TRANSLATIONS

Anything not in English or French needs to be translated.

IRCC needs every record in one of Canada's two official languages — and the translation has to come from the right kind of translator, with the right kind of sign-off.

WHAT NEEDS TRANSLATING

Every document, including your IDs.

If it's not in English or French, it gets translated. That covers birth, marriage, and death certificates, church and census records, naturalization papers, court documents — and the ID you submit with your application. No document is exempt.

WHO CAN TRANSLATE

A qualified translator — never a family member.

IRCC requires translations from someone with professional standing: a certified translator, or a translator whose work is backed by a sworn affidavit. A translation from a relative is a returned application — not a correction request, returned.

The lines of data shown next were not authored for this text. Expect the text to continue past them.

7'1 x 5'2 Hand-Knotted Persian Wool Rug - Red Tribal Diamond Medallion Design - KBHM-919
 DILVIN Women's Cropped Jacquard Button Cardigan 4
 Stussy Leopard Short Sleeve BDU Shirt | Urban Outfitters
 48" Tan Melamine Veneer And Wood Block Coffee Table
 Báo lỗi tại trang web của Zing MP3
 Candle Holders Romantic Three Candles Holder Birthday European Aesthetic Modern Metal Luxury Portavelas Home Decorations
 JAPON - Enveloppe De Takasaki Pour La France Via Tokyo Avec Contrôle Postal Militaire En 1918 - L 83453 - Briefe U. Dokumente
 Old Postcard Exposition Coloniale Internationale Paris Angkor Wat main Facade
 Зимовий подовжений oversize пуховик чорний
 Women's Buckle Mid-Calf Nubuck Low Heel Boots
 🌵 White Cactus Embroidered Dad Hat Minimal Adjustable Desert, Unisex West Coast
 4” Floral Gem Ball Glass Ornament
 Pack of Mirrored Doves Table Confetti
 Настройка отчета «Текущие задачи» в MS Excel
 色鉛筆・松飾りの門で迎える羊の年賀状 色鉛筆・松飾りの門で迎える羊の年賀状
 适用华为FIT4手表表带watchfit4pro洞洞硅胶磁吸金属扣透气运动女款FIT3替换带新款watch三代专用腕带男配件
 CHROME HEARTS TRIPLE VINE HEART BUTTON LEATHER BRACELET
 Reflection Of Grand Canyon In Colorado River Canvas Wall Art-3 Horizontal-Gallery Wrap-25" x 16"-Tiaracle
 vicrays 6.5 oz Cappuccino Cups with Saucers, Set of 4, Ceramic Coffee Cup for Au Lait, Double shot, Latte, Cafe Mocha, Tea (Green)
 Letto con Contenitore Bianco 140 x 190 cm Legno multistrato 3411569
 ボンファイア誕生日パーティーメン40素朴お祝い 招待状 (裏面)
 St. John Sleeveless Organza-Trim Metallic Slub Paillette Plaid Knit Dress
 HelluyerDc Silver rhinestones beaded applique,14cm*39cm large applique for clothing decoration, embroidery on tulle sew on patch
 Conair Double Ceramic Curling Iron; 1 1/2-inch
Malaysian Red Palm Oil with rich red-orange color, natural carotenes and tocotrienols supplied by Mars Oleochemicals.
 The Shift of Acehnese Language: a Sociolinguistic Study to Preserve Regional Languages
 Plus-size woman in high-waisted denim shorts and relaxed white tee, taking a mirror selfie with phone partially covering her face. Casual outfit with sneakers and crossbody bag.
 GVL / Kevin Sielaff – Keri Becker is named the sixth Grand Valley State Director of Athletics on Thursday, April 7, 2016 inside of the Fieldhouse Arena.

The rule covers anyone related to you by blood, marriage, or adoption — regardless of their professional credentials in any other context.

IMMEDIATE

Parents, children, siblings.

PARTNERS

Spouse, common-law, partner.

EXTENDED

Grandparents, aunts and uncles, nieces and nephews, first cousins.

HOW TO FIND A TRANSLATOR

Two paths, depending on where they practice.

IRCC accepts translations from two sources: certified members of Canadian provincial translation associations, or anyone else whose work is accompanied by a sworn affidavit. The difference determines what paperwork the translation needs.

CANADIAN CERTIFIED

No affidavit required.

Members of provincial translation associations are pre-vetted. Their certification stamp is enough for IRCC — no notary, no sworn statement.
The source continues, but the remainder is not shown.